# Twitter US Airline Sentiment Analysis using NLP

In [1]:
import pandas as pd
import numpy as np
import re
from nltk.tokenize import word_tokenize
from nltk.corpus import stopwords
from string import punctuation
from sklearn.linear_model import LogisticRegression
from sklearn.svm import SVC, LinearSVC
from sklearn.feature_extraction.text import CountVectorizer, TfidfVectorizer

In [2]:
train1 = pd.read_csv("train.csv")

In [3]:
drop_cols = ['airline_sentiment_gold','name','tweet_id', 'retweet_count','tweet_created','user_timezone','tweet_coord','tweet_location']
train1.drop(drop_cols, axis = 1, inplace=True)

In [4]:
stops = stopwords.words('english')
stops += list(punctuation)
stops += ['flight','airline','flights','AA']

In [5]:
Y = train1['airline_sentiment']
train1.drop("airline_sentiment", axis = 1, inplace=True)
from sklearn.model_selection import train_test_split
train, test, Y_train, Y_test = train_test_split(train1, Y)

In [6]:
abbreviations = {'ppl': 'people','cust':'customer','serv':'service','mins':'minutes','hrs':'hours','svc': 'service',
           'u':'you','pls':'please'}

train_index = train[~train.negativereason_gold.isna()].index
test_index = test[~test.negativereason_gold.isna()].index

for index, row in train.iterrows():
    tweet = row.text
    tweet = re.sub('((www\.[^\s]+)|(https?://[^\s]+))','',tweet) #remove links
    tweet = re.sub('@[^\s]+','',tweet) #remove usernames
    tweet = re.sub('[\s]+', ' ', tweet) #remove additional whitespaces
    tweet = re.sub(r'#([^\s]+)', r'\1', tweet) #replace #word with word
    tweet = tweet.strip('\'"') #trim tweet
    words = []
    for word in tweet.split():
#         if not hasNumbers(word):
        if word.lower() not in stops:
            if word in list(abbreviations.keys()):
                words.append(abbreviations[word])
            else:
                words.append(word.lower())   
    tweet = " ".join(words)
    tweet = " %s %s" % (tweet, row.airline)
    row.text = tweet
    if index in train_index:
        row.text = " %s %s" % (row.text, row.negativereason_gold)

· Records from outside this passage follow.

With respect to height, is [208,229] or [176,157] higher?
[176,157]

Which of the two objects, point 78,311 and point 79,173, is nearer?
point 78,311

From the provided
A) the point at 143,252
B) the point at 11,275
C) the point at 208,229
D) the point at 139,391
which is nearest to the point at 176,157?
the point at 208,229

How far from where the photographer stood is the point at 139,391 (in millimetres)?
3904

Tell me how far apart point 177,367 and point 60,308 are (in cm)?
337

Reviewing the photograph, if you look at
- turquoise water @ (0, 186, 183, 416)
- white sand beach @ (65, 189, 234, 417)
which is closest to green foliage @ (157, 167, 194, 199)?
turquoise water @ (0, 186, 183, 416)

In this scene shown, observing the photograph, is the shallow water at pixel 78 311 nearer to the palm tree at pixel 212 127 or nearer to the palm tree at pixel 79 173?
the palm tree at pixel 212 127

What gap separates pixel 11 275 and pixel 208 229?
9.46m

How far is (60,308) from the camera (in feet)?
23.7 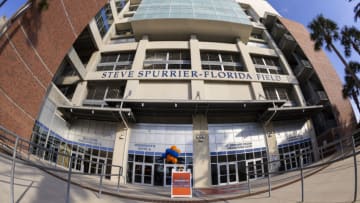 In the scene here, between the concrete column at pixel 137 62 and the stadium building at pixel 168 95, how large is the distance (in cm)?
12

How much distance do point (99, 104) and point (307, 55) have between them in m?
23.0

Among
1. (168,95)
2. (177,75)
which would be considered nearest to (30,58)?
(168,95)

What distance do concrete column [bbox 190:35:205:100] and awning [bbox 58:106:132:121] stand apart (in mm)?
6160

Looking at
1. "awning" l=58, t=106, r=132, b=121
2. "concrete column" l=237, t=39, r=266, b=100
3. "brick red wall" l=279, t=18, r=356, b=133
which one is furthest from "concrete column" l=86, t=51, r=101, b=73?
"brick red wall" l=279, t=18, r=356, b=133

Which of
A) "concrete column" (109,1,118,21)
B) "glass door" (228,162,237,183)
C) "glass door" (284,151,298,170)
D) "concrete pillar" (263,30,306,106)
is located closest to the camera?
"glass door" (228,162,237,183)

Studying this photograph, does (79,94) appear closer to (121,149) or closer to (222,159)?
(121,149)

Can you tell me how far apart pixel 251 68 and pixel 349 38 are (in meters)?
8.64

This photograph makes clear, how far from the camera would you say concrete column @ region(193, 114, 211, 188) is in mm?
15141

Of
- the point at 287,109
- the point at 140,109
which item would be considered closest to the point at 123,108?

for index, row in test.iterrows():
    tweet = row.text
    tweet = re.sub('((www\.[^\s]+)|(https?://[^\s]+))','',tweet) #remove links
    tweet = re.sub('@[^\s]+','',tweet) #remove usernames
    tweet = re.sub('[\s]+', ' ', tweet) #remove additional whitespaces
    tweet = re.sub(r'#([^\s]+)', r'\1', tweet) #replace #word with word
    tweet = tweet.strip('\'"') #trim tweet
    words = []
    for word in tweet.split(): 
#         if not hasNumbers(word):
        if word.lower() not in stops:
            if word in list(abbreviations.keys()):
                words.append(abbreviations[word])
            else:
                words.append(word.lower())
    tweet = " ".join(words)
    tweet = " %s %s" % (tweet, row.airline)
    row.text = tweet
    if index in test_index:
        row.text = " %s %s" % (row.text, row.negativereason_gold)

del train['negativereason_gold']
del test['negativereason_gold']

In [7]:
def deEmojify(inputString):
    return inputString.encode('ascii', 'ignore').decode('ascii')

for index, row in train.iterrows():
    row.text = deEmojify(row.text)

for index, row in test.iterrows():
    row.text = deEmojify(row.text)

In [8]:
def hasNumbers(inputString):
    return any(char.isdigit() for char in inputString)

for index, row in train.iterrows():
    words = row.text.split()
    new_words = []
    for word in words:
        if not hasNumbers(word):
            new_words.append(word)
    row.text = " ".join(new_words)
    
for index, row in test.iterrows():
    words = row.text.split()
    new_words = []
    for word in words:
        if not hasNumbers(word):
            new_words.append(word)
    row.text = " ".join(new_words)

In [9]:
train.head()
# test.head()

Unnamed: 0,airline,text
11,Delta,what's easiest way get ticket receipt? get one...
7285,Delta,thank you. appreciate that!! Delta
1294,Southwest,"i'm really craving pretzels, please send some...."
5087,American,great experience again... sfo-jfk... dare say ...
9313,American,needs get shit together. counter people &amp; ...


## Creating vocab and data formatting

In [10]:
v = TfidfVectorizer(analyzer='word', max_features=3150, max_df = 0.8, ngram_range=(1,1))
train_features= v.fit_transform(train.text)
test_features=v.transform(test.text)

In [11]:
clf = LogisticRegression(C = 2.1, solver='liblinear', multi_class='auto')
clf.fit(train_features,Y_train)
clf.score(test_features, Y_test)

0.7810564663023679

In [12]:
clf = SVC(kernel="linear", C= 0.96 , gamma = 'scale')
clf.fit(train_features, Y_train)
clf.score(test_features, Y_test)

0.7806921675774134

In [13]:
from sklearn.ensemble import RandomForestClassifier
clf2 = RandomForestClassifier()
clf2.fit(train_features, Y_train)
clf2.score(test_features, Y_test)

0.7479052823315119

In [14]:
from sklearn.naive_bayes import MultinomialNB

model = MultinomialNB() 
model.fit(train_features, Y_train)
model.score(test_features, Y_test)

0.7285974499089253